Are "Deficit Hawks" Prepared for Trump's Proposed Spending Cuts?
January 20, 2017
Senior Fellow Pam Villarreal writes at NCPA's Taxes and Retirement blog:
It's amazing how those who cared little for spending deficits during Obama's presidency have suddenly become deficit hawks just hours before Trump's inauguration. (Paul Krugman, are you listening?) The national debt is now $20 trillion, double what it was eight years ago. In all fairness President Obama was not responsible for all of this due to mandatory spending programs that long existed before he did. But during his eight years of what could arguably constitute wasted taxpayer money -- a failed $800 billion failed stimulus package, bank bailouts and green energy boondoggles -- there was little concern from the mainstream media, left of center think tanks and anybody who hammered previous Republican presidents over deficits.
Enter Donald Trump.

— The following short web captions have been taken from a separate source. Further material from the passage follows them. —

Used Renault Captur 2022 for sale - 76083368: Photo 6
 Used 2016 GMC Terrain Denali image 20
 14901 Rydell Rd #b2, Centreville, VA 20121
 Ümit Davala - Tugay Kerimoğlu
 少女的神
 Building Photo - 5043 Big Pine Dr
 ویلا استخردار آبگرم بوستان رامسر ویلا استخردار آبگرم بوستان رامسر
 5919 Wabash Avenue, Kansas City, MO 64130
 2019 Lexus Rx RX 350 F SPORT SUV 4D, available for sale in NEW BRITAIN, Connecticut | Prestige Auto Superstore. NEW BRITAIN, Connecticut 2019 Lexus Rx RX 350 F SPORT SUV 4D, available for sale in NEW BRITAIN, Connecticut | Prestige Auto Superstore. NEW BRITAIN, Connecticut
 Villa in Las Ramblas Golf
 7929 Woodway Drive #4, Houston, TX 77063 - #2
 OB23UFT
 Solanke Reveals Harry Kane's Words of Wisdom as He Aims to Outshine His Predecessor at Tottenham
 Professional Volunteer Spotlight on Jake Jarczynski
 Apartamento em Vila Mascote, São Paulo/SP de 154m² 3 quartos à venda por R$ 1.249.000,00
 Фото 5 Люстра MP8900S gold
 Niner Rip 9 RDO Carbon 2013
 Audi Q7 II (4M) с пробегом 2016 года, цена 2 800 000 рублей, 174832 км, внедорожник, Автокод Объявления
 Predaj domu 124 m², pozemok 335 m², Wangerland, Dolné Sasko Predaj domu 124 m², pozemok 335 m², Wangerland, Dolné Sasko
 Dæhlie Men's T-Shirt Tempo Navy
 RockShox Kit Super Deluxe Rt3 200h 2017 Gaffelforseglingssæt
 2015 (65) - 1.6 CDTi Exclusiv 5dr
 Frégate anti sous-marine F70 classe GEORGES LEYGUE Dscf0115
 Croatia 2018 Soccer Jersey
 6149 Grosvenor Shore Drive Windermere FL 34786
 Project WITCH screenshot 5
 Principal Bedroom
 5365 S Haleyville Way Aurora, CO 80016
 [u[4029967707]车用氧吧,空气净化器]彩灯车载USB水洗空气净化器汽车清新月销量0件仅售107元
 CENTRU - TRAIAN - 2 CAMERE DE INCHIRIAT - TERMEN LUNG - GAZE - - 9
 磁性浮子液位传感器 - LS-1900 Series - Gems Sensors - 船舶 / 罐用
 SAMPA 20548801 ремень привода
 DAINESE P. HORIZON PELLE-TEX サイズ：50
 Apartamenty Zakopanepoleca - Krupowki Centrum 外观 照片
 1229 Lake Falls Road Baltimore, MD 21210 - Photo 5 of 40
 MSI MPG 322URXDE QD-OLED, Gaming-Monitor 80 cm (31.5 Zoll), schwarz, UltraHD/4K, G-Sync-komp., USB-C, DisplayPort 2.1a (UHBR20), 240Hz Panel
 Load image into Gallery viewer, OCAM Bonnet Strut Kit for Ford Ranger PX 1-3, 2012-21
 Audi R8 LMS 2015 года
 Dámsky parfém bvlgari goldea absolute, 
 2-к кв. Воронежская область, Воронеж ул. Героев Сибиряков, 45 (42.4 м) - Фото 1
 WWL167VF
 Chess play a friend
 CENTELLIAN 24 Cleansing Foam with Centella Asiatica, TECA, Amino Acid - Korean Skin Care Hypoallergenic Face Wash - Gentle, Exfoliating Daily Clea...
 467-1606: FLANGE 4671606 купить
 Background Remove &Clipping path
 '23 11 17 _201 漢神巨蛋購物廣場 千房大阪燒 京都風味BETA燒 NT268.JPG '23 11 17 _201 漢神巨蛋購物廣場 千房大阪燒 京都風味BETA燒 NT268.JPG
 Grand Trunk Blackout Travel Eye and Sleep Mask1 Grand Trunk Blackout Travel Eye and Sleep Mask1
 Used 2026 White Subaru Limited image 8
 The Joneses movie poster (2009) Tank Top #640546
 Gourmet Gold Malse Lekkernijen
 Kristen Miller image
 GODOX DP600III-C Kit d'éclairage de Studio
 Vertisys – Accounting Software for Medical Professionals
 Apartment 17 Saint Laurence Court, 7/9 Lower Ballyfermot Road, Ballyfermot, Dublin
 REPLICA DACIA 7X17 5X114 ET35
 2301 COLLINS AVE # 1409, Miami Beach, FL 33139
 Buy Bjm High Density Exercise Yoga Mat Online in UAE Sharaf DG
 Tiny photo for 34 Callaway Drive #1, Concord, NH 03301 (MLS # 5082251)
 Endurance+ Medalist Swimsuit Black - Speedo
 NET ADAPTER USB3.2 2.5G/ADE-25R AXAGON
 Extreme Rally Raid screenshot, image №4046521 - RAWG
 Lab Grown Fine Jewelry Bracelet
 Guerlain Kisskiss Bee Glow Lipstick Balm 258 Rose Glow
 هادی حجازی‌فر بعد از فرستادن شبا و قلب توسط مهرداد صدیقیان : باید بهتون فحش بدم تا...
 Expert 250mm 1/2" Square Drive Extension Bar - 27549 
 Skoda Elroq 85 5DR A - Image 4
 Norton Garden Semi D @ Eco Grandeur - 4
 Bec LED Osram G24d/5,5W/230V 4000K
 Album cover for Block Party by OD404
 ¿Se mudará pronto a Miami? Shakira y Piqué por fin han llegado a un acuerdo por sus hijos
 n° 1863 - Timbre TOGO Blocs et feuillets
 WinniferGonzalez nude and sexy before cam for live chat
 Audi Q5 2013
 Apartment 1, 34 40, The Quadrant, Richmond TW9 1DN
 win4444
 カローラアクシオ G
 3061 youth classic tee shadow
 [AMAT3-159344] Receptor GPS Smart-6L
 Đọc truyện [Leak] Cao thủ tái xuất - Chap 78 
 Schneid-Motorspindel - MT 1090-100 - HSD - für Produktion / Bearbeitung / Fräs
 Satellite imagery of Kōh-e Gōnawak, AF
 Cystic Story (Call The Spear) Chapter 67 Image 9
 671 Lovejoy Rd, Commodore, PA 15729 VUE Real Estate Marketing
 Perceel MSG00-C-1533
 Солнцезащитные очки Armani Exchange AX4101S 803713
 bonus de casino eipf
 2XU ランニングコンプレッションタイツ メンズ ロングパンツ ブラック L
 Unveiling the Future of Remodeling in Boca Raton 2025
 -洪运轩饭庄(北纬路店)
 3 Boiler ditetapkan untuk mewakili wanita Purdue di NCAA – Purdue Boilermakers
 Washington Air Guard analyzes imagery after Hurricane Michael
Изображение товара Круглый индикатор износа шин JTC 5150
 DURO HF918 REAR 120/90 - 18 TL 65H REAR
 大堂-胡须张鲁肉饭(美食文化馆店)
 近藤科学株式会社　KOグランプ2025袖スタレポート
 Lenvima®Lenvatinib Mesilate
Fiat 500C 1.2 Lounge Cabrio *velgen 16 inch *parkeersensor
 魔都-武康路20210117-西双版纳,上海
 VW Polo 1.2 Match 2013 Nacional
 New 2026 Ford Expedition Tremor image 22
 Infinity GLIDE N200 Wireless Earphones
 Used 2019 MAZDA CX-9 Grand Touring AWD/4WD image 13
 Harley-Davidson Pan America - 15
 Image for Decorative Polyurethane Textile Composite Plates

Our dynamic modeling results of Trump's proposed tax plan show that the intergenerational (debt and deficit) effects will no doubt be substantial.
- Despite vigorous GDP growth and job creation, deficits under the Trump plan would be 42 percent higher than the baseline CBO estimate.
- Over a 30-year period, the net present value of total deficits under the Trump plan would be $53 trillion, almost double the CBO's estimate of $28.9 trillion under current law.
Yes, this should be of concern to both Democrats and Republicans. But they should be of concern by both Democrats and Republicans during any presidential administration.
But to his credit, Trump is taking a proactive approach and proposing spending cuts of about $10.5 trillion over 10 years. While newly-evolved deficit hawks are clutching their pearls over his wish list of cuts such as eliminating the National Endowment for the Arts and privatizing the Corporation for Public Broadcasting, these ideas are nothing new. Many a taxpayer has questioned the need for government to subsidize art and educational programming. Also on the list are reductions in some duplicative programs from the State Department, the Department of Justice and the Department of Transportation. These are actual recommendations from the Government Accountability Office's 2016 Annual Report, which was produced under the Obama administration.
It will be a tough road to pass any spending reductions in Congress, but it is worth a try. The newly-evolved deficit hawks like Krugman and those who have always recognized the danger in runaway spending should be pleased!